## TASK:
Find "Rolig Foderautomat i" below and begin at its line; stop after the line with "Lámpara de pared". Output those lines exactly, without pictures.

## INFORMATION:
╭──
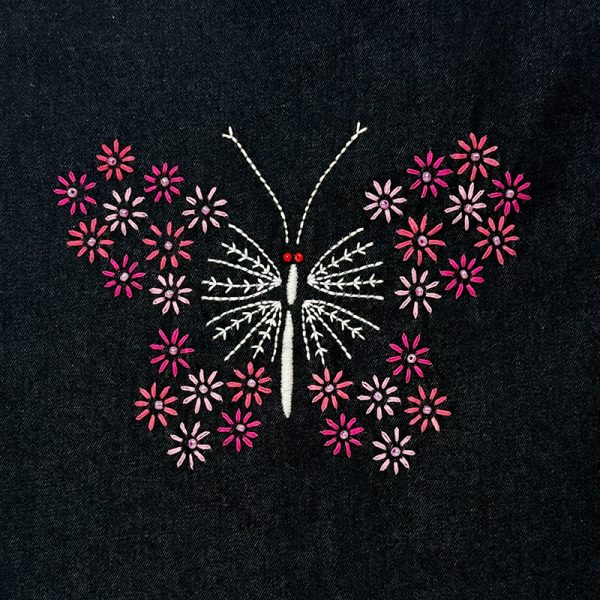 Totebag Mariposa Cuis Bordada a Mano Color Rosado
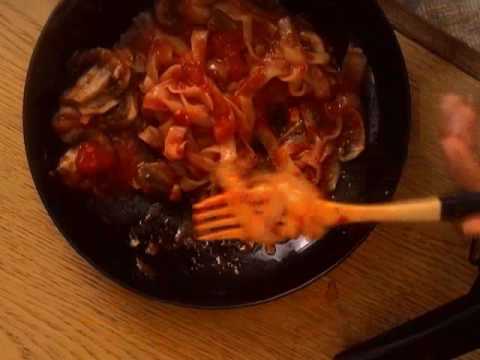 ASMR Eating Sounds/Whispering: Pasta with mushrooms and tomato sauce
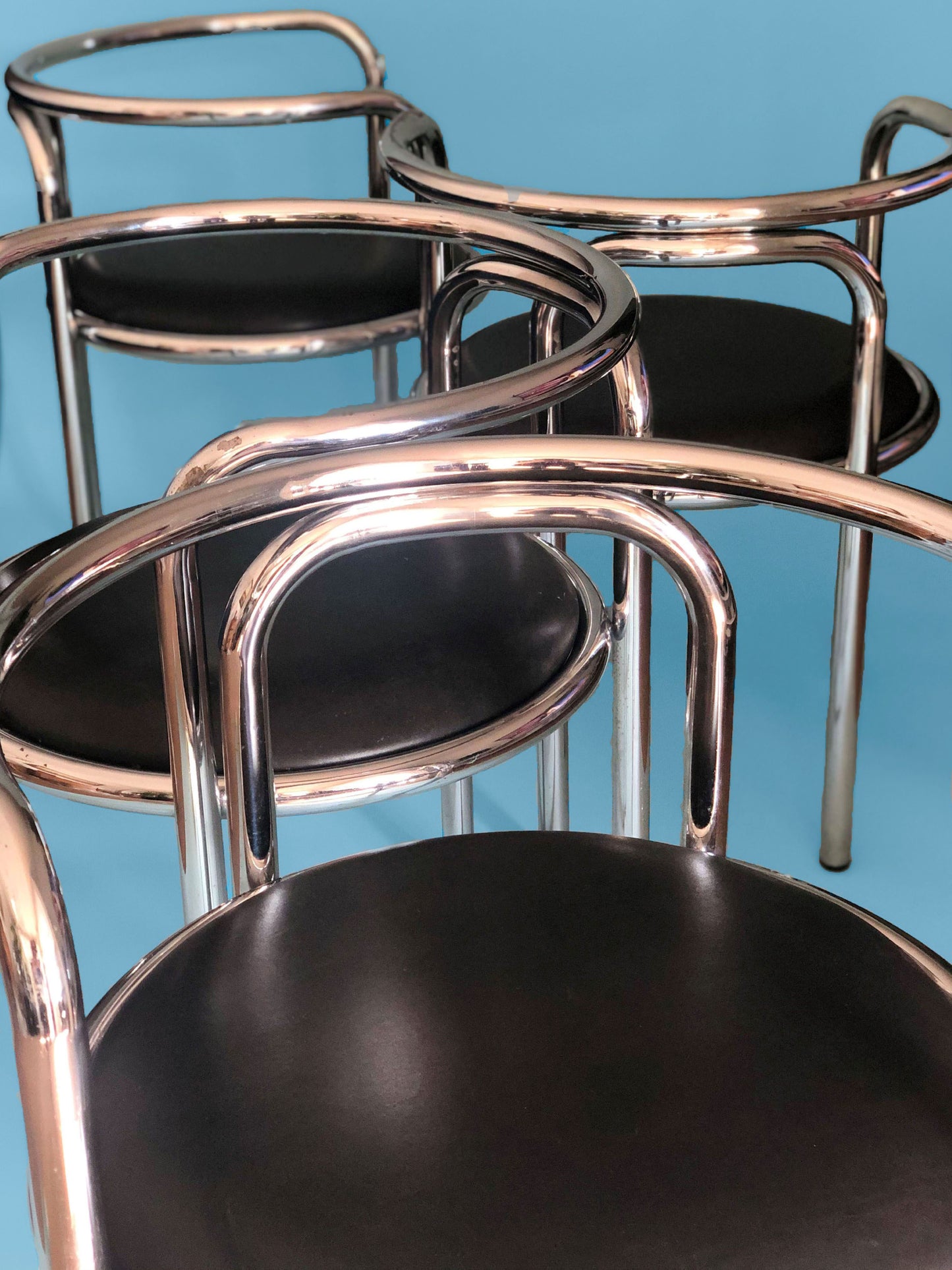Set of 4 Vintage Locus Solus chairs designed by Gae Aulenti for Zanotta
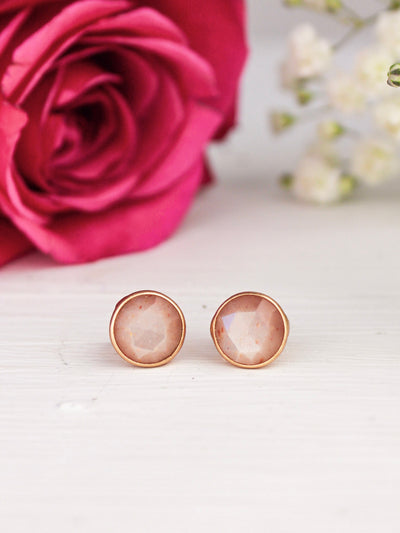 Pebble Stud Earrings - Rose Gold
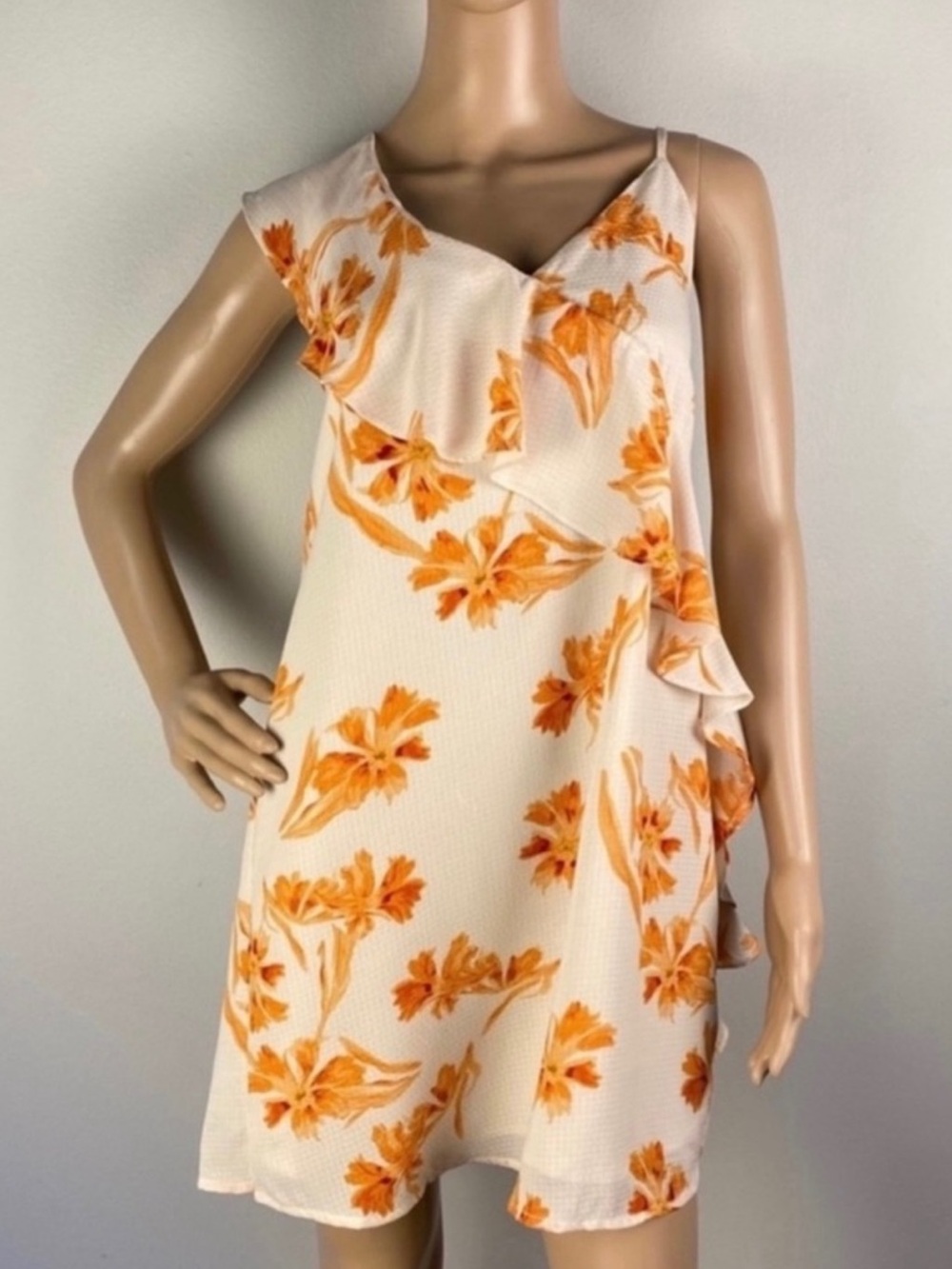 COLLECTIVE CONCEPTS FLORAL PRINT RUFFLE MINI DRESS - Picture 2 of 7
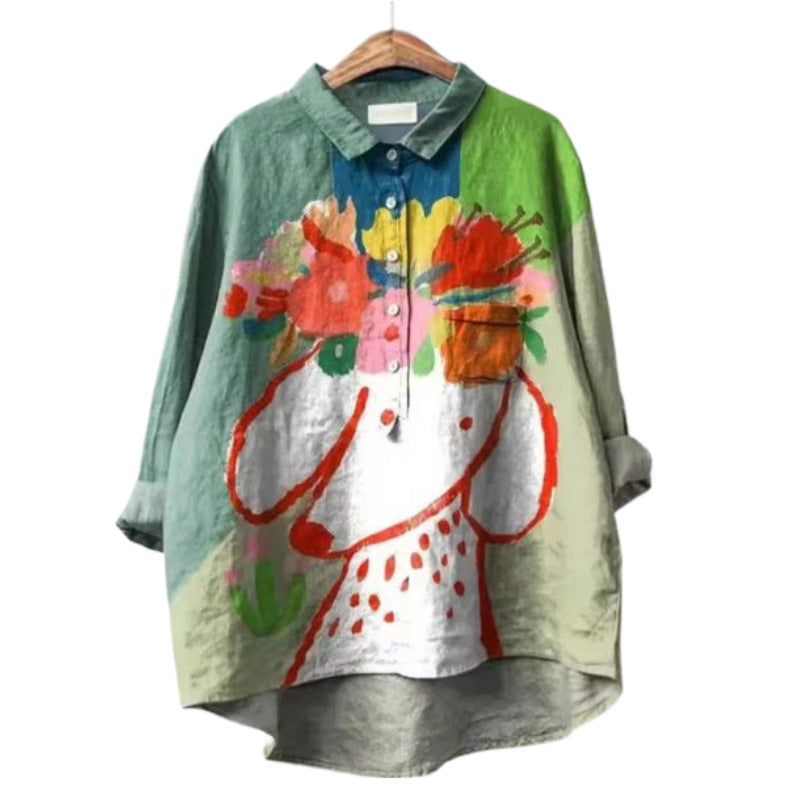 Long-sleeve Pullover Shirt With Digital Animal Print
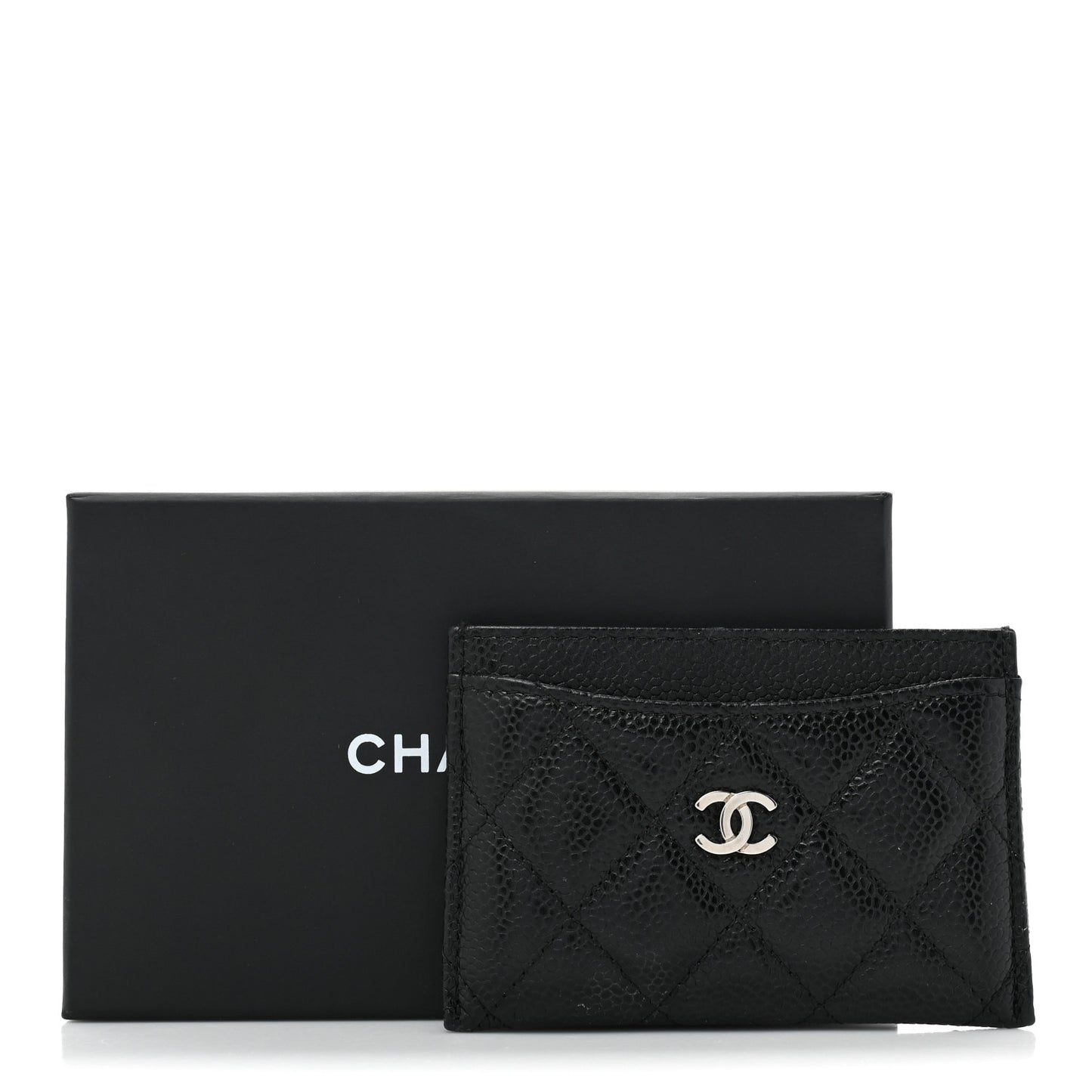 Caviar Quilted Card Holder Black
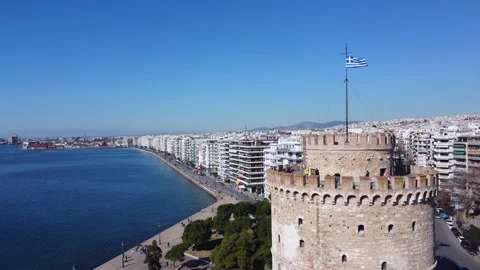Aerial View Of White Tower And Promenade In Thessaloniki Stock Footage 263896584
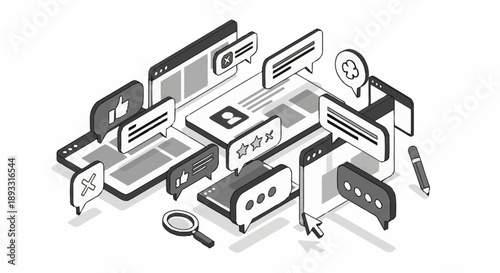Isometric illustration of various digital devices and office supplies.
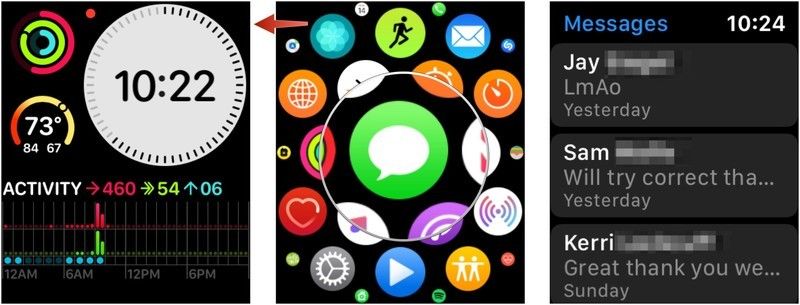 выберите сообщение на Apple Watch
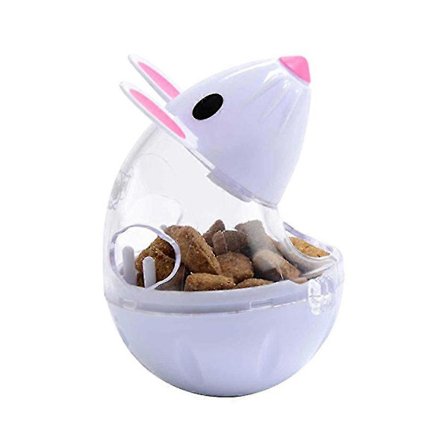 Rolig Foderautomat i Plast för Husdjur, Kattmatare, Tumlare, Liten Mus, Husdjursavlopp, Pedagogiska Leksaker, Matskål (Vit)[D]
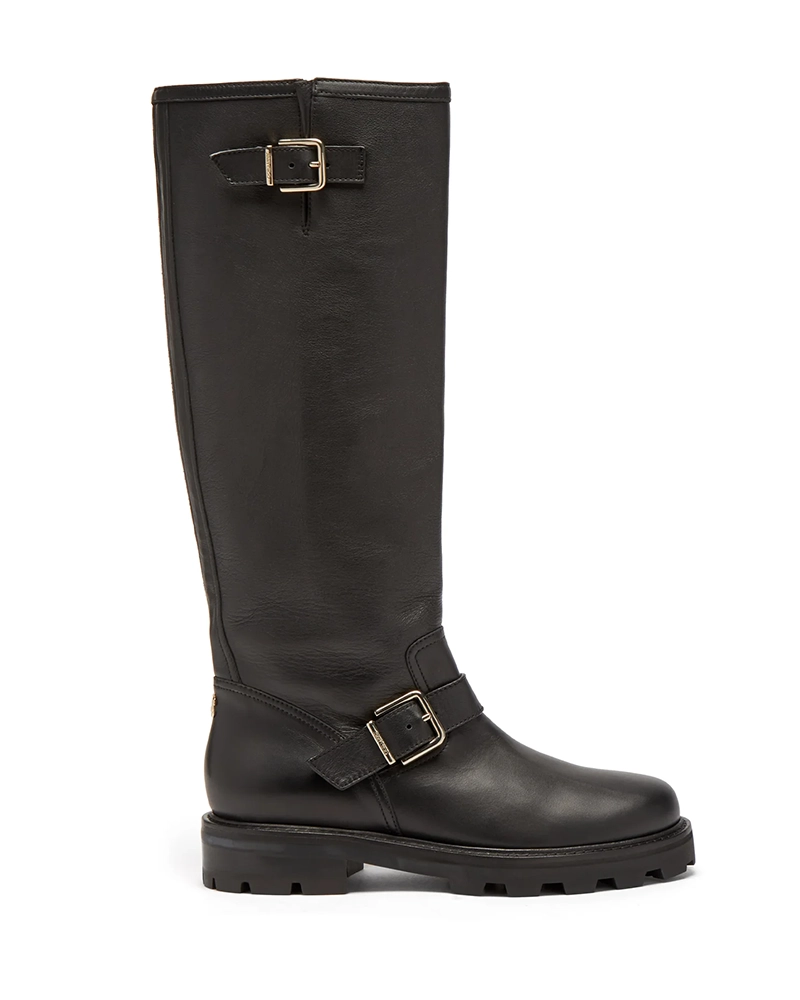 Jimmy Choo Black Biker II 35 Buckled Leather Knee Boots-20319301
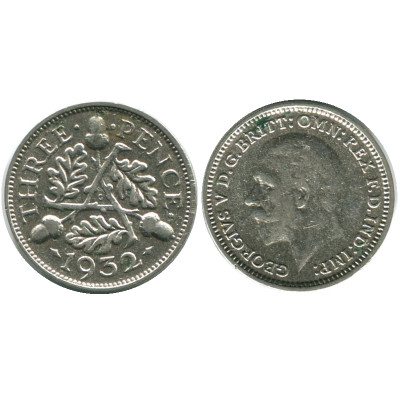 Серебряная монета 3 пенса Великобритании 1932 г.
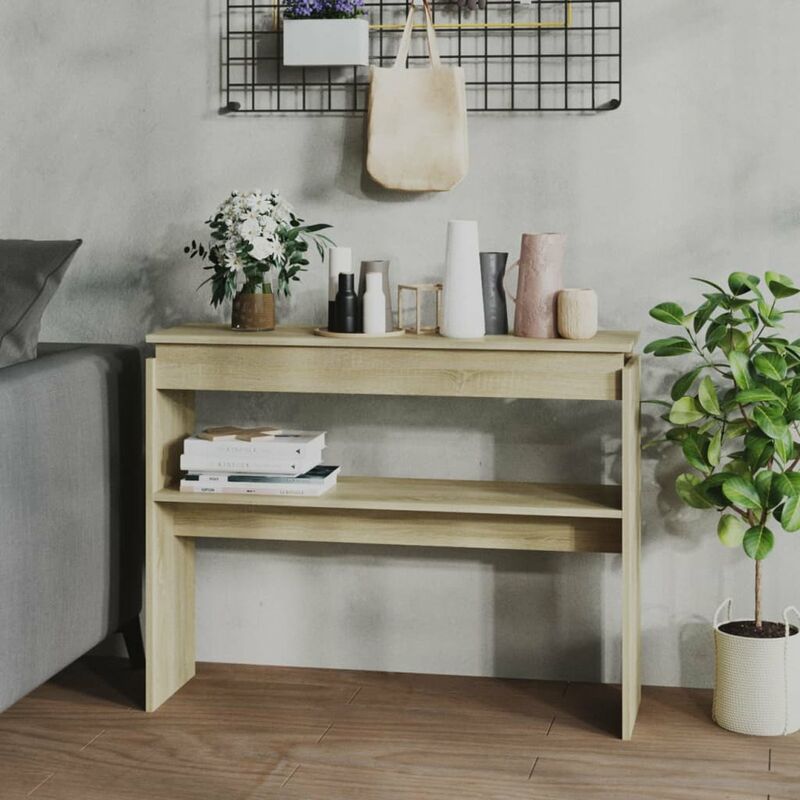 

Mesa consola de aglomerado color roble Sonoma 102x30x80 cm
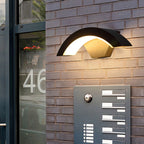 Lámpara de pared LED con sensor de acrílico y aluminio en arco, minimalista moderna e impermeable, para exteriores, para jardín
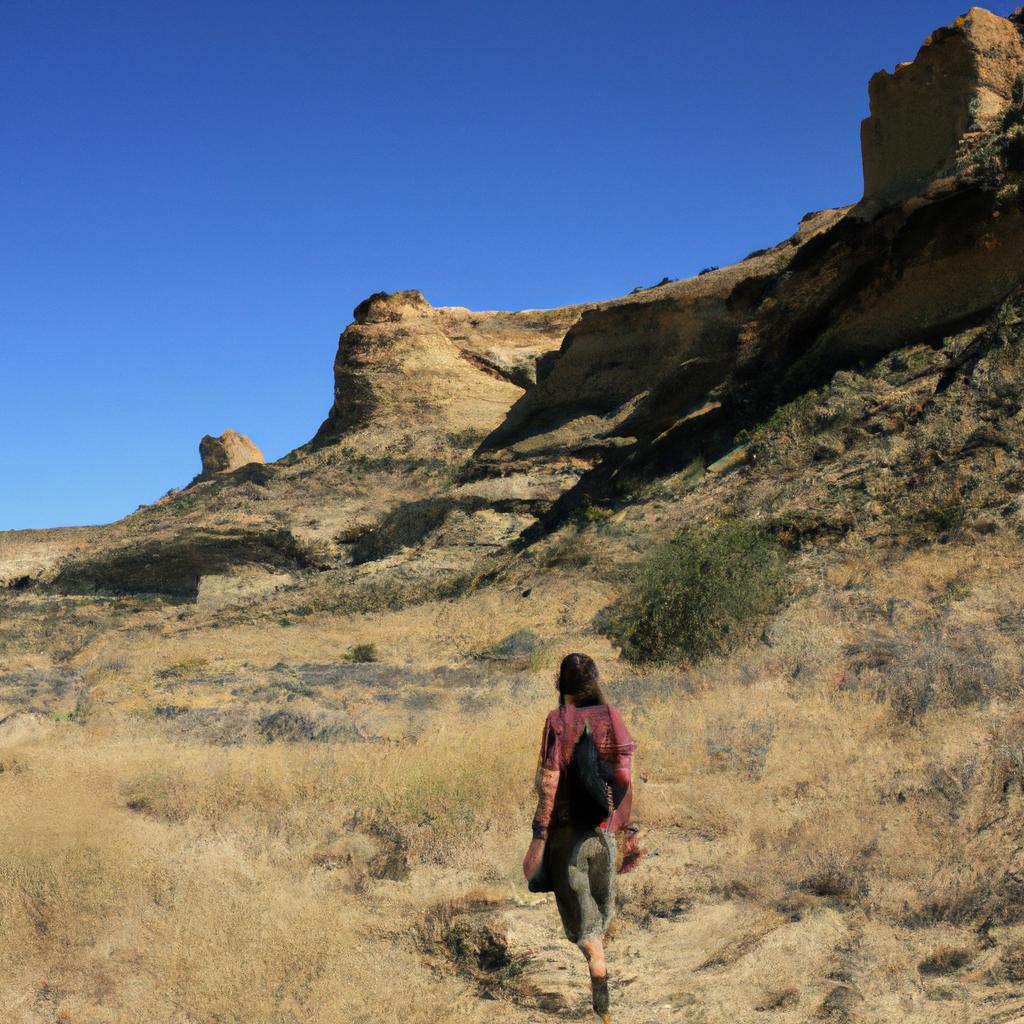 Person hiking in Chaco Canyon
╰──
## RESPONSE FOR THIS EXERCISE:
 Rolig Foderautomat i Plast för Husdjur, Kattmatare, Tumlare, Liten Mus, Husdjursavlopp, Pedagogiska Leksaker, Matskål (Vit)[D]
 Jimmy Choo Black Biker II 35 Buckled Leather Knee Boots-20319301
 Серебряная монета 3 пенса Великобритании 1932 г.

Mesa consola de aglomerado color roble Sonoma 102x30x80 cm
 Lámpara de pared LED con sensor de acrílico y aluminio en arco, minimalista moderna e impermeable, para exteriores, para jardín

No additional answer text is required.